Fig. 1: Extraction of Relevant Information from a Large-Scale Complex Network by Analogy to Memory Retrieval in the Brain

Here we demonstrate the application of our brain-inspired computational algorithm to a citation network of Japan patentsNote1 (Fig. 2). First, a user specifies a set of patents putatively related to the technological topic that the user wants to explore. These patents are referred to as "seed patents." Initial "activation" is set on the seed patents. Then activation spreads along citation links in the network of patents. This process corresponds to the propagation of neuronal activation in the network of neurons.Note2 The spreading activation eventually converges to a steady state that depends on the seed patents representing the topic. This corresponds to the state where the brain has recalled STM. In the steady state, patents that are highly relevant to the topic have high values of activity. Sorting the patents in descending order of their values of activity gives the ranking of patents regarding their relevance to the topic. In addition, visualization of the network of highly relevant patents (namely, the extracted community) provides an overview of the field of technology that the user wants to explore. In this visualization (Fig. 2), each document icon indicates a patent, its size expresses the value of activity (level of relevance) of the patent, and the color differentiates the applicant (company). The arrow lines represent citation relations between patents. The arrow head is directed from a cited to a citing patent in order to indicate that the latter is under the influence of the former. The icons are placed according to the disclosure date from top (past) to bottom (future). Thus, the user can overview how this technological field has developed and which patents or which relations between patents are most influential there.

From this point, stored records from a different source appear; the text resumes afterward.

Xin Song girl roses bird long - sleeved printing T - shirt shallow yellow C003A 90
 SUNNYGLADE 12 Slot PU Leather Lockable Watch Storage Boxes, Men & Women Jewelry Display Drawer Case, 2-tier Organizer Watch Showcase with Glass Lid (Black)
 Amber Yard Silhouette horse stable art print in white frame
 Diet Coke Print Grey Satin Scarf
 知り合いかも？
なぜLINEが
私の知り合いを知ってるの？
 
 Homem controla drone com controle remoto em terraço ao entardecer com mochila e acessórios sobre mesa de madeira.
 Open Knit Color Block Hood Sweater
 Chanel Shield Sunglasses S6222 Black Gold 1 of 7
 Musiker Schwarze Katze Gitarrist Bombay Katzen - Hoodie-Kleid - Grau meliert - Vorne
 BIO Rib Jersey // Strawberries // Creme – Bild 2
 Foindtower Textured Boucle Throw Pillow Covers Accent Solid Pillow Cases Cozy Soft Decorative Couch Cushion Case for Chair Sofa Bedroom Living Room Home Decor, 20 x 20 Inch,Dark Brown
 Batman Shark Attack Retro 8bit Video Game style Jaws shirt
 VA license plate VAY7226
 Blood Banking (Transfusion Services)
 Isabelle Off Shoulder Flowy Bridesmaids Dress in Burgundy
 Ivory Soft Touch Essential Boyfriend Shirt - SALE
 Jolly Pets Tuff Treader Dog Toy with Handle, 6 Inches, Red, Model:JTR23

Fig. 2: Extracting Relevant Patents from a Citation Network

We also plan to apply our algorithm to general office documents other than patents. Making use of modeling the brain's excellent capability to process a large amount of information, we will continue to meet the challenge of creating new technologies to deal with a large number of documents.

  • Note1 A network of patents established through examiner citation
  • Note2 In the brain, information is processed by the propagation of neuronal activation in a network composed of an enormous number of neurons.